Below are the records. Retype exactly the lines between the lines holding "Father and 12-year-old" and "Boulon adaptateur KS", inclusive.

══ Record excerpts

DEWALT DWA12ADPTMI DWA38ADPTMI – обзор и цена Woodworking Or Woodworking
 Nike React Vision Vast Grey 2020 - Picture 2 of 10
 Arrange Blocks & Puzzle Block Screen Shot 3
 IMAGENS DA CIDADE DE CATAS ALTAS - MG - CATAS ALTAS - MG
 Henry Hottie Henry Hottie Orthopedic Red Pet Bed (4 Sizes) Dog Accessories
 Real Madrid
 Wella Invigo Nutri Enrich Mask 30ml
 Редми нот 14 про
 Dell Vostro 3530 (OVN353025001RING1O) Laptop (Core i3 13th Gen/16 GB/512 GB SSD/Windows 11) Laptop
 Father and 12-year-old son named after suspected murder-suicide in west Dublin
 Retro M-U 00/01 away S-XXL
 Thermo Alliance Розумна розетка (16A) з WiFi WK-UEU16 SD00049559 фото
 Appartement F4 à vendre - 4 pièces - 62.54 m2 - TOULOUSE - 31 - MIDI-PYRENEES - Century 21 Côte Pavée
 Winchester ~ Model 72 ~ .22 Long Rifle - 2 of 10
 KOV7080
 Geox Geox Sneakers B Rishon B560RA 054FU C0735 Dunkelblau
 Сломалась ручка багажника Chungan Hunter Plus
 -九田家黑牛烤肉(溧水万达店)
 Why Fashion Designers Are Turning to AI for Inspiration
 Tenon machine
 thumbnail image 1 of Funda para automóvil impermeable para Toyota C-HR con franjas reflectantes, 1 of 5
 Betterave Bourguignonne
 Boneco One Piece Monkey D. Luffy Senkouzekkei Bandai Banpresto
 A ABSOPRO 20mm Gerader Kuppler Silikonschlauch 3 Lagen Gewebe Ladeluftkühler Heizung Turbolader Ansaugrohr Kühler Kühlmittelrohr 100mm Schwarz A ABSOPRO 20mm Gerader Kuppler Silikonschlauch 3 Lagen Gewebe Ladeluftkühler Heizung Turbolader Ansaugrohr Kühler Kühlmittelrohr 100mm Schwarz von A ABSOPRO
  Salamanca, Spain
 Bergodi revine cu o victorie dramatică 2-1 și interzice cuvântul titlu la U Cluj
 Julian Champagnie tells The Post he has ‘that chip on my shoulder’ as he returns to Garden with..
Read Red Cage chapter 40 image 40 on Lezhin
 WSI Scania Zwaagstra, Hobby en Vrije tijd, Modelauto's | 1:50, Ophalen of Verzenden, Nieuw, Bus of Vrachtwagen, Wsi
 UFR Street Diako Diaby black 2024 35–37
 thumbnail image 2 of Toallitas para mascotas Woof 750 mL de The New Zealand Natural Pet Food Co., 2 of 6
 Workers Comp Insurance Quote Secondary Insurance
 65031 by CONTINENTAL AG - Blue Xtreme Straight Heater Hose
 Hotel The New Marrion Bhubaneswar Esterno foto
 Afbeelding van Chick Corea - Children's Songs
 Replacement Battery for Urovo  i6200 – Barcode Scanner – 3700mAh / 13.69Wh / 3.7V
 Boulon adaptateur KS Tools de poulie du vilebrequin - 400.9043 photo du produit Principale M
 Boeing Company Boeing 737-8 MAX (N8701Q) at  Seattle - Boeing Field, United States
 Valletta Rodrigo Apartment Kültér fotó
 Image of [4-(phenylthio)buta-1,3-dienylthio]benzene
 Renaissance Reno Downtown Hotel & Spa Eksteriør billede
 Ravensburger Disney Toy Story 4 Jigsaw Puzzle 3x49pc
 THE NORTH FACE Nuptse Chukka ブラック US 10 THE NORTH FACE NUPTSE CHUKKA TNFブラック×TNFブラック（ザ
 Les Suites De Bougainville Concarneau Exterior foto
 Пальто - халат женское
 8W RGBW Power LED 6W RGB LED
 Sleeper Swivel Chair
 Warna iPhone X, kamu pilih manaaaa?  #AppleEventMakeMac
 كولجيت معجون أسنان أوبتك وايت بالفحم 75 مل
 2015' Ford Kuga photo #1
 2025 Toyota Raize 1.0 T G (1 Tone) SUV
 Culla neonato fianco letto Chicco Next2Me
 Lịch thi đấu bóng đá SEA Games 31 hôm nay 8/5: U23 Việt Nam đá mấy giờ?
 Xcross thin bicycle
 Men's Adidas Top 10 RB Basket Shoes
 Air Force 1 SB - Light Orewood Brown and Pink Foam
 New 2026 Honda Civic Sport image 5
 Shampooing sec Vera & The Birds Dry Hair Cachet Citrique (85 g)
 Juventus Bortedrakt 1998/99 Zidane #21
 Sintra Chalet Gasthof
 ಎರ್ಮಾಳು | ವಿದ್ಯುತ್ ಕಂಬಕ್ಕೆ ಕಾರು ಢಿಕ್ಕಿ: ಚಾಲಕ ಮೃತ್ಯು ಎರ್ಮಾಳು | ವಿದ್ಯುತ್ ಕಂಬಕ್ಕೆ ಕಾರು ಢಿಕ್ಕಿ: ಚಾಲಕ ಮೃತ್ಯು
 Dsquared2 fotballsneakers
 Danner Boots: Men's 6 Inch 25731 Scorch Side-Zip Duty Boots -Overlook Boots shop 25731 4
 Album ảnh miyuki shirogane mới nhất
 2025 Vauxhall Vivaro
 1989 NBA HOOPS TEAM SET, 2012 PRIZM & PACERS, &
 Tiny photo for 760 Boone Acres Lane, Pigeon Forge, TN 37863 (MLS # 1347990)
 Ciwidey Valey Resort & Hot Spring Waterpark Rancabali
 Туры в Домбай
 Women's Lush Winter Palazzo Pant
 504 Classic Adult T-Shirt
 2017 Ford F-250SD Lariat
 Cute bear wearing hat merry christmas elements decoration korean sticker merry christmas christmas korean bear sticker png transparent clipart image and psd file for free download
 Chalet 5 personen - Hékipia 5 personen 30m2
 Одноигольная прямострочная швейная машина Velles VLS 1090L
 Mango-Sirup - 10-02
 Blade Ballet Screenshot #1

════

■ Answer to this task:
 Father and 12-year-old son named after suspected murder-suicide in west Dublin
 Retro M-U 00/01 away S-XXL
 Thermo Alliance Розумна розетка (16A) з WiFi WK-UEU16 SD00049559 фото
 Appartement F4 à vendre - 4 pièces - 62.54 m2 - TOULOUSE - 31 - MIDI-PYRENEES - Century 21 Côte Pavée
 Winchester ~ Model 72 ~ .22 Long Rifle - 2 of 10
 KOV7080
 Geox Geox Sneakers B Rishon B560RA 054FU C0735 Dunkelblau
 Сломалась ручка багажника Chungan Hunter Plus
 -九田家黑牛烤肉(溧水万达店)
 Why Fashion Designers Are Turning to AI for Inspiration
 Tenon machine
 thumbnail image 1 of Funda para automóvil impermeable para Toyota C-HR con franjas reflectantes, 1 of 5
 Betterave Bourguignonne
 Boneco One Piece Monkey D. Luffy Senkouzekkei Bandai Banpresto
 A ABSOPRO 20mm Gerader Kuppler Silikonschlauch 3 Lagen Gewebe Ladeluftkühler Heizung Turbolader Ansaugrohr Kühler Kühlmittelrohr 100mm Schwarz A ABSOPRO 20mm Gerader Kuppler Silikonschlauch 3 Lagen Gewebe Ladeluftkühler Heizung Turbolader Ansaugrohr Kühler Kühlmittelrohr 100mm Schwarz von A ABSOPRO
  Salamanca, Spain
 Bergodi revine cu o victorie dramatică 2-1 și interzice cuvântul titlu la U Cluj
 Julian Champagnie tells The Post he has ‘that chip on my shoulder’ as he returns to Garden with..
Read Red Cage chapter 40 image 40 on Lezhin
 WSI Scania Zwaagstra, Hobby en Vrije tijd, Modelauto's | 1:50, Ophalen of Verzenden, Nieuw, Bus of Vrachtwagen, Wsi
 UFR Street Diako Diaby black 2024 35–37
 thumbnail image 2 of Toallitas para mascotas Woof 750 mL de The New Zealand Natural Pet Food Co., 2 of 6
 Workers Comp Insurance Quote Secondary Insurance
 65031 by CONTINENTAL AG - Blue Xtreme Straight Heater Hose
 Hotel The New Marrion Bhubaneswar Esterno foto
 Afbeelding van Chick Corea - Children's Songs
 Replacement Battery for Urovo  i6200 – Barcode Scanner – 3700mAh / 13.69Wh / 3.7V
 Boulon adaptateur KS Tools de poulie du vilebrequin - 400.9043 photo du produit Principale M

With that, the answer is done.